Exercise: Exactly as written, return the entries below, minus any pictures.
------ Raw data ------
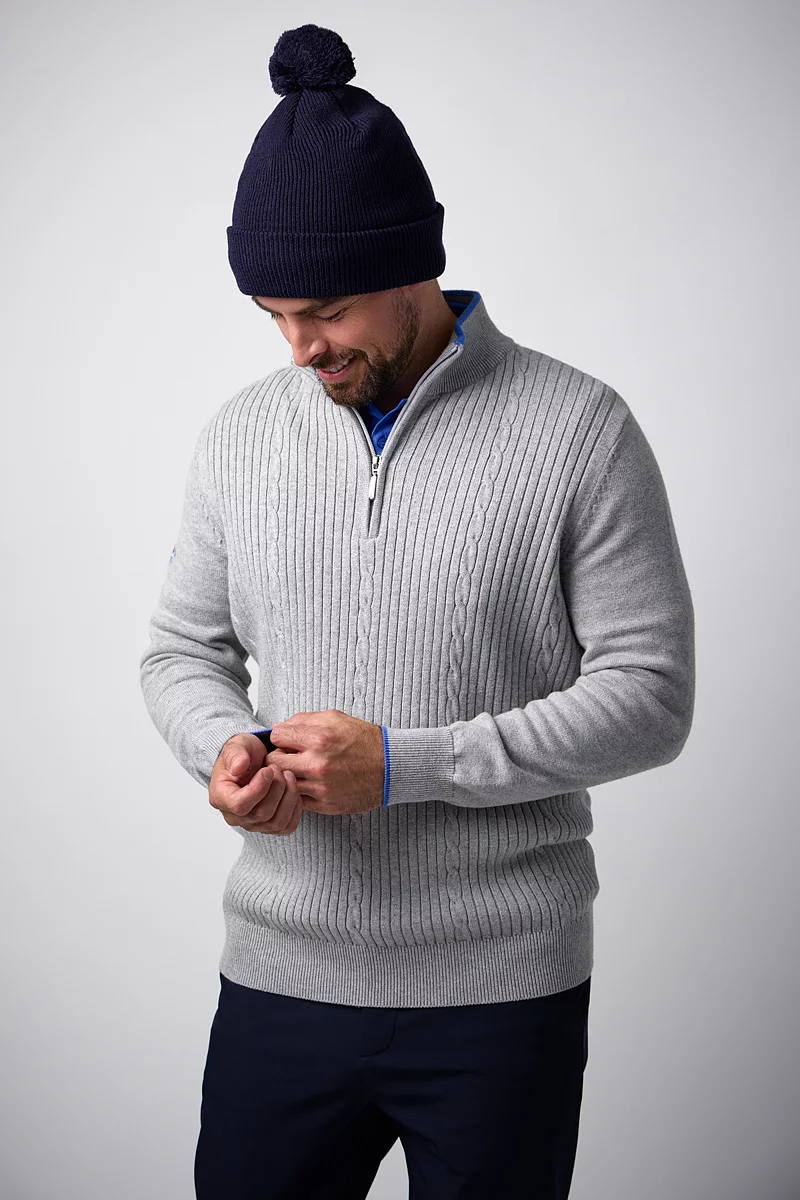Mens Quarter Zip Cable Rib Midweight Merino Golf Sweater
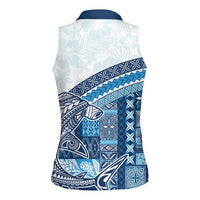 Samoa Mamanu Siapo Royal Blue Women Sleeveless Polo Shirt Tatau Malie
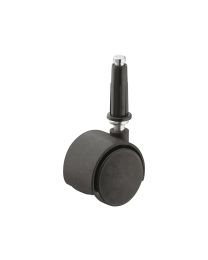 Dubbel zwenkbaar meubelwiel met kapbehuizing en inpershuls - Ø50 mm (Zwart)
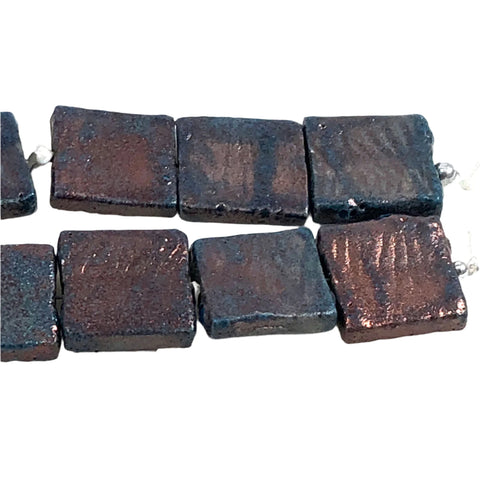 Copper & Blue Raku Square Beads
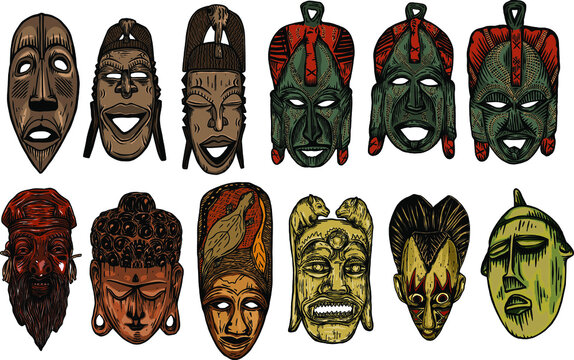 Ethnic mask set Vector illustration - Hand drawn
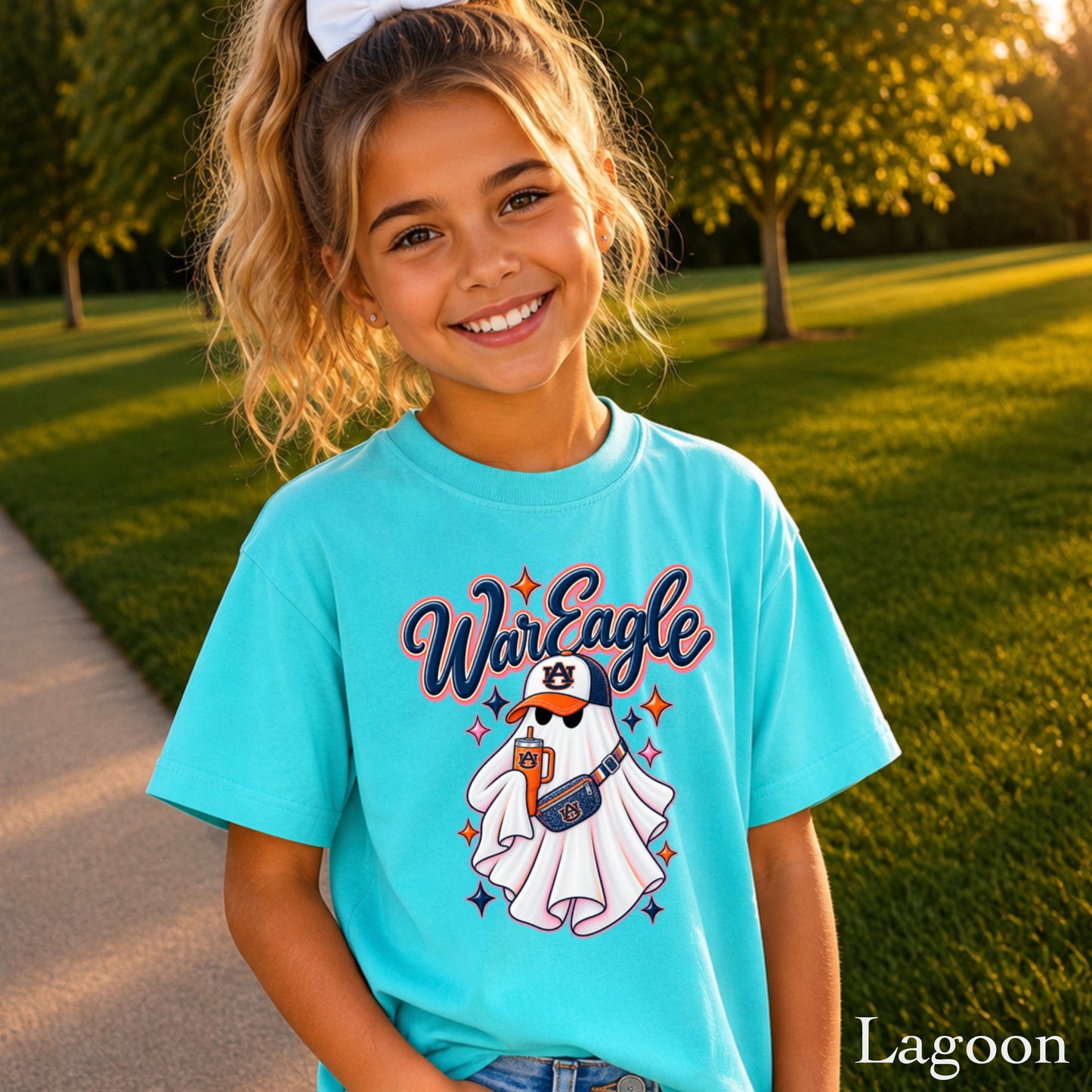 Auburn Halloween Ghost Youth Comfort Color T-Shirt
------
Written solution:
Mens Quarter Zip Cable Rib Midweight Merino Golf Sweater
 Samoa Mamanu Siapo Royal Blue Women Sleeveless Polo Shirt Tatau Malie
 Dubbel zwenkbaar meubelwiel met kapbehuizing en inpershuls - Ø50 mm (Zwart)
 Copper & Blue Raku Square Beads
 Ethnic mask set Vector illustration - Hand drawn
 Auburn Halloween Ghost Youth Comfort Color T-Shirt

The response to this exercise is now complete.